I am proud to be a Liberal Democrat tonight, more proud than I have ever been. We are standing up for what we believe in without fear of retribution or criticism; we are offering the 48% (plus those who regret their Brexit vote) a chance to rewrite the events of Thursday’s referendum result. If in the event of the Liberal Democrats winning an election based on this promise it is the furthest thing from undemocratic. People will have voted for the Lib Dems because of the promise to remain; if they don’t, then it will be a signal that people are comfortable with Brexit.
This referendum was advisory and not legally binding. The UK government is not bound by the result and has no compulsion to initiate Article 50 of the Lisbon treaty, but that does not mean that the result should simply be ignored and tossed aside. Similarly to the 2010 election result, the hung parliament showed politicians that the UK population did not trust one party enough to govern alone. The result? The first coalition government in a generation which provided financial stability and saw two opposing parties collaborate for the good of the country. This referendum result demonstrates that a large portion of the UK population has become disenfranchised with the EU and many of its systems. This of course, should not be ignored. The government should instead use this result as a chance to engage in further reforms in the UK’s relationship with the EU and in fact the union as a whole. Major figures within the EU have already said that the result has triggered a need for the remaining 27 nations to think carefully about the future of the EU – there is absolutely no reason why the UK should not be involved with and included in those future reforms.

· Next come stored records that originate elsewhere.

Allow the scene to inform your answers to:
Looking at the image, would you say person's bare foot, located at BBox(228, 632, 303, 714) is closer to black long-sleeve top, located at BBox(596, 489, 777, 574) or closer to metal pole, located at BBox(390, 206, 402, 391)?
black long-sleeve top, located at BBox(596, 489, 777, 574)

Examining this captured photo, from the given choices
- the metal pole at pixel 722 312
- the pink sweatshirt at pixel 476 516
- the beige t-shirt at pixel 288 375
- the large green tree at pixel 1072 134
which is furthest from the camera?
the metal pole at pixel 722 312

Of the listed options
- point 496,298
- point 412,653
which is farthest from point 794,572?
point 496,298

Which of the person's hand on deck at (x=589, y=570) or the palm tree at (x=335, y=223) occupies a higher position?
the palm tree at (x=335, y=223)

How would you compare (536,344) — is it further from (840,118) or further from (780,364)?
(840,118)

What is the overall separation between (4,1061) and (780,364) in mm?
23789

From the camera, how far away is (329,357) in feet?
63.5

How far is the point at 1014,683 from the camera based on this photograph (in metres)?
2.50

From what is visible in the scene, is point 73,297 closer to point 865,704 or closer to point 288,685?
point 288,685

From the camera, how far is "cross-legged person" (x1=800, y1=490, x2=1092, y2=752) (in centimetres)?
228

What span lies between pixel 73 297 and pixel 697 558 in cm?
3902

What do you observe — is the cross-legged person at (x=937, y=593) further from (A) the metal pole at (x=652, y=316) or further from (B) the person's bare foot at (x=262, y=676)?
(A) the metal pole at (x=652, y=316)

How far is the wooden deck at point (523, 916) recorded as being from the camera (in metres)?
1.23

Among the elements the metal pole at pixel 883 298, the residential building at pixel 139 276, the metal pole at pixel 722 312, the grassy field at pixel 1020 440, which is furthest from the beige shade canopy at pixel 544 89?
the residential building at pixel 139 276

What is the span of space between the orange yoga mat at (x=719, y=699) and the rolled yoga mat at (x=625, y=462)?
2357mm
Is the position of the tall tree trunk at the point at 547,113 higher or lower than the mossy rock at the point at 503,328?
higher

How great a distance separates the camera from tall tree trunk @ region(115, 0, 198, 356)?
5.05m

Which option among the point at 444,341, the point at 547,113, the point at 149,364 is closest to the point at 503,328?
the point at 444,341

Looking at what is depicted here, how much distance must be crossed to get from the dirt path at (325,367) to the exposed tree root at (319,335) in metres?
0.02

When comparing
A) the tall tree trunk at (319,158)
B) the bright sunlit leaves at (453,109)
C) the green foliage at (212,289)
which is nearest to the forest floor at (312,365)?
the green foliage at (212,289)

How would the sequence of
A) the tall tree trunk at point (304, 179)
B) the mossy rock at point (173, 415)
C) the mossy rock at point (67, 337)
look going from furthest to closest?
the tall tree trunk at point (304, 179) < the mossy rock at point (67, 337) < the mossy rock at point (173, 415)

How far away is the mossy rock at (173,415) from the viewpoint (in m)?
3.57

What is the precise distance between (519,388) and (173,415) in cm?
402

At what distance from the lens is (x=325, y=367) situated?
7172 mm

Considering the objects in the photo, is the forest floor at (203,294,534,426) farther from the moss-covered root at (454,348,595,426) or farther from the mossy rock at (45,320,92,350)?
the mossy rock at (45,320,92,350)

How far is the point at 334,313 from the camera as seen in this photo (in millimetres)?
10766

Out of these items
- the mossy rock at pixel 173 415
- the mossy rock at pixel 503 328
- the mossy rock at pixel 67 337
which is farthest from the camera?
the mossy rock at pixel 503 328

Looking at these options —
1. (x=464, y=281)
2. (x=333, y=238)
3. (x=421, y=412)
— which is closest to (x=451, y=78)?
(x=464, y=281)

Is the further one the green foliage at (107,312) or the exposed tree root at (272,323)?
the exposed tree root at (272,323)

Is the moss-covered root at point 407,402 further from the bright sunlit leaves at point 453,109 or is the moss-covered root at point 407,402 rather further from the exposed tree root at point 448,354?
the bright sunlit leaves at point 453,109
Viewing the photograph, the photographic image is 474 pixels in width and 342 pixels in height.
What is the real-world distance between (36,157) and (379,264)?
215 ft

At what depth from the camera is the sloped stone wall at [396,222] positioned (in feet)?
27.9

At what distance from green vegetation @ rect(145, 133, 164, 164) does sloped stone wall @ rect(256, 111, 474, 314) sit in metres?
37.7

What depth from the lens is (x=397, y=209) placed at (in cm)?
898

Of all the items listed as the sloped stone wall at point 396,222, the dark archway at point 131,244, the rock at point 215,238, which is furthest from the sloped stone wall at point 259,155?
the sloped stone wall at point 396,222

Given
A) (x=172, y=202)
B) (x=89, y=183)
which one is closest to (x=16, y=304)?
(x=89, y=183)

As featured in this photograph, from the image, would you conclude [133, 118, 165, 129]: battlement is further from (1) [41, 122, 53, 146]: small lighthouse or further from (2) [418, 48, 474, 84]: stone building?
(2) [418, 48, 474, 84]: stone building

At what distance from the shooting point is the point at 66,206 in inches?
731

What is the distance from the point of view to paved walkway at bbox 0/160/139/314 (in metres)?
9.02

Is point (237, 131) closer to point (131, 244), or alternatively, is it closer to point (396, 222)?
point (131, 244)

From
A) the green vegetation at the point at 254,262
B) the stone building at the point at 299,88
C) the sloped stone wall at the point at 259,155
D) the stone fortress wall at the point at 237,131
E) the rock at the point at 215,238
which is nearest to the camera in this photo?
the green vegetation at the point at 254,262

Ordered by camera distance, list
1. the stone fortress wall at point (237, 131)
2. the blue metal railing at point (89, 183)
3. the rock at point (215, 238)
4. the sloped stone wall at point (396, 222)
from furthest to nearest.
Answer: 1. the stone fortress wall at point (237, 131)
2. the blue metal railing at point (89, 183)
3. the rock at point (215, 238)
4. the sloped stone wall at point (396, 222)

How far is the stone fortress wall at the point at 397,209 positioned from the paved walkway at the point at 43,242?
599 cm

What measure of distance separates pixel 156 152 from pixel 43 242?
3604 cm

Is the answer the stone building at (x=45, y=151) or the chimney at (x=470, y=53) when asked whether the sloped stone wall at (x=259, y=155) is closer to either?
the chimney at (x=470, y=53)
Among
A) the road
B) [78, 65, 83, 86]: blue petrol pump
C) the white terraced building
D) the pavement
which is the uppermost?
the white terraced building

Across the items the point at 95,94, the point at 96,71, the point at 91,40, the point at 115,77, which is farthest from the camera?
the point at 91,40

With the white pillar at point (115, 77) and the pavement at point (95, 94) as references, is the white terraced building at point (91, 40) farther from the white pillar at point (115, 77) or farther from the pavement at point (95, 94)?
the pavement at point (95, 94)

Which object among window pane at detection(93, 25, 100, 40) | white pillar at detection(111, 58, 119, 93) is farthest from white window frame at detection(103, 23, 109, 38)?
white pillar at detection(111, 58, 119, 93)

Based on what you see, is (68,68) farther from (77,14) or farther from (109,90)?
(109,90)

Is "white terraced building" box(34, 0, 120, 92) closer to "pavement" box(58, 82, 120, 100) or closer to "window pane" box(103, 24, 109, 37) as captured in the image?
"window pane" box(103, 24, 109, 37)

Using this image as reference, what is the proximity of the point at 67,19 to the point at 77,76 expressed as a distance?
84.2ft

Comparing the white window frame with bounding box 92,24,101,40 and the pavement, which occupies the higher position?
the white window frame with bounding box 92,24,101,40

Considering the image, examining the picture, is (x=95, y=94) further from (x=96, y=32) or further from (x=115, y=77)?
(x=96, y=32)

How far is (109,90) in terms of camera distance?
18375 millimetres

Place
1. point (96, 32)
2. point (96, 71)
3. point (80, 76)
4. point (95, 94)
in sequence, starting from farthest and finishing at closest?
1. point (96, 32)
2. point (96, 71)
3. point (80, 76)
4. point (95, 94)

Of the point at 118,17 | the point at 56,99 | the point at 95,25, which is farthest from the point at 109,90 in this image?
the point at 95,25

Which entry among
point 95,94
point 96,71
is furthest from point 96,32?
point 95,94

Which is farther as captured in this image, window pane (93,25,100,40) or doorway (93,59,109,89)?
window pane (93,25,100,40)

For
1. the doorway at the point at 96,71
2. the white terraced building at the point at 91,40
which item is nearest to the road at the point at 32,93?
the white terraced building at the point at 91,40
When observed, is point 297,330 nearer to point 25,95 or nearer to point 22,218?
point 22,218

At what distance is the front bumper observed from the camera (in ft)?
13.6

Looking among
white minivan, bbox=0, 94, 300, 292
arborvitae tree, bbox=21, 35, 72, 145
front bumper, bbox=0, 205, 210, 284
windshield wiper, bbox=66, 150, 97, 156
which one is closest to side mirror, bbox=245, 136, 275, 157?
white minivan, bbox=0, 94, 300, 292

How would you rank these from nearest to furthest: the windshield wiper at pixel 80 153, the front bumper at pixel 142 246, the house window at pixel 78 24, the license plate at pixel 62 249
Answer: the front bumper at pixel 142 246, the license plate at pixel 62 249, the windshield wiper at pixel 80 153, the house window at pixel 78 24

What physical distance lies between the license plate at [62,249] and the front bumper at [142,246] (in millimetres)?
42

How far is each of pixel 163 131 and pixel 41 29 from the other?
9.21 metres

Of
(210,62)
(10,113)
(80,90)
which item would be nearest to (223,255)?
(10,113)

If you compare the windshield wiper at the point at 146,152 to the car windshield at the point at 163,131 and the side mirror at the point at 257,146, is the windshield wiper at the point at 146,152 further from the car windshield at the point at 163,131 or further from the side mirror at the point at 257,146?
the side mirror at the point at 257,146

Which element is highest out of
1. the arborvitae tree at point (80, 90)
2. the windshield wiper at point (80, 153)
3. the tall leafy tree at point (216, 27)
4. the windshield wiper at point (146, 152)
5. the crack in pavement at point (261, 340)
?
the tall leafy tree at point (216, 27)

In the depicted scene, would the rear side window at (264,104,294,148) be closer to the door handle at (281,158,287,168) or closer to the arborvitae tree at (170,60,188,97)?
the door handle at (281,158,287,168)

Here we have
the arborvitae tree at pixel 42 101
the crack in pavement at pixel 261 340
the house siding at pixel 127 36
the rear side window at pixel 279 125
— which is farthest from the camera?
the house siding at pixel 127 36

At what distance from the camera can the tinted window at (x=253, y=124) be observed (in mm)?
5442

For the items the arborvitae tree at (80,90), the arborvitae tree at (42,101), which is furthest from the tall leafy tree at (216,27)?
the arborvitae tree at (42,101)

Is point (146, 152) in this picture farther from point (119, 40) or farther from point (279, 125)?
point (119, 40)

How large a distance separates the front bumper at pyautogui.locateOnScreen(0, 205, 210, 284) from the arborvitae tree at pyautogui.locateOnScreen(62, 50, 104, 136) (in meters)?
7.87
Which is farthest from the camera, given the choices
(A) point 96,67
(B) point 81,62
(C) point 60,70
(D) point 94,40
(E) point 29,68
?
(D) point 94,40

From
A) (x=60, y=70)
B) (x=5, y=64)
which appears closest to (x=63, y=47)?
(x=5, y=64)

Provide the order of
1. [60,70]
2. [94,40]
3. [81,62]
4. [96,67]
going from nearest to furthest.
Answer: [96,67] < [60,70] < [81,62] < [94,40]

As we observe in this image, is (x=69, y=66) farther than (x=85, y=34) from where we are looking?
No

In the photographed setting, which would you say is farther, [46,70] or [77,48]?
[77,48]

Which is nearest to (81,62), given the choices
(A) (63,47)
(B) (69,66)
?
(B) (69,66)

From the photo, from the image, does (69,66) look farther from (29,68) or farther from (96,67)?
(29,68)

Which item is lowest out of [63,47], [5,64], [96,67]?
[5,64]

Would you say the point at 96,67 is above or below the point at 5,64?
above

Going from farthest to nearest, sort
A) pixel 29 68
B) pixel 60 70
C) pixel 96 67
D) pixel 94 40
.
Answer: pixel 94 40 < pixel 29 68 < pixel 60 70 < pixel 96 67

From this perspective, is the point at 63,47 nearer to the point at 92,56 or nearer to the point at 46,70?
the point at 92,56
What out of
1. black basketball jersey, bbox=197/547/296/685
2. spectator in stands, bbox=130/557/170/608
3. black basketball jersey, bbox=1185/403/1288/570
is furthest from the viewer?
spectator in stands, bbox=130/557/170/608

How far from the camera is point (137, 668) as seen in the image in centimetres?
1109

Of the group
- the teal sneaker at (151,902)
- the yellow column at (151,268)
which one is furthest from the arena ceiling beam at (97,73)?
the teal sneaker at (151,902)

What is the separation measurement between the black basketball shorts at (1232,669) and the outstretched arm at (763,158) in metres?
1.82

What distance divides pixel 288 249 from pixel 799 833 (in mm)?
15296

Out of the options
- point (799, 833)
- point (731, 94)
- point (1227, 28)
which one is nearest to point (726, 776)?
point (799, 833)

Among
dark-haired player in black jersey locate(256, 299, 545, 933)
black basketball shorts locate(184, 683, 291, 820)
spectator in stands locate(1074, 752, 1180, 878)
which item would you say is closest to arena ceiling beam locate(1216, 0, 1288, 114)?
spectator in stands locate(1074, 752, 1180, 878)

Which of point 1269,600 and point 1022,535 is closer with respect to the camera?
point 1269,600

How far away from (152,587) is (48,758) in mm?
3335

The Brexit vote was driven mainly by fears of immigration and the vast amounts of money sent to the EU in membership fees. Promises made to cut immigration and to further fund the NHS have already been rubbished by senior leave campaigners and have left a very bitter taste in the mouths of many who voted to leave. Many of those who voted against remaining on Thursday have already expressed their regret and have claimed they would have rather voted to stay. There is also the pressing issue of the online petition to hold a second referendum under new electoral rules which has gained more than a million signatures in the space of three hours: the current total is 2,571,626 and is rising every time I hit the “refresh button”.
The Liberal Democrats are the only party who were positing the positive case for remaining inside the EU and are the only party committed to ensuring that the UK does not endure one of the most traumatic political events in recent memory. The choice is clear: if you are one of the 48% who wanted to remain inside the EU, then you need to show your support for the Liberal Democrats.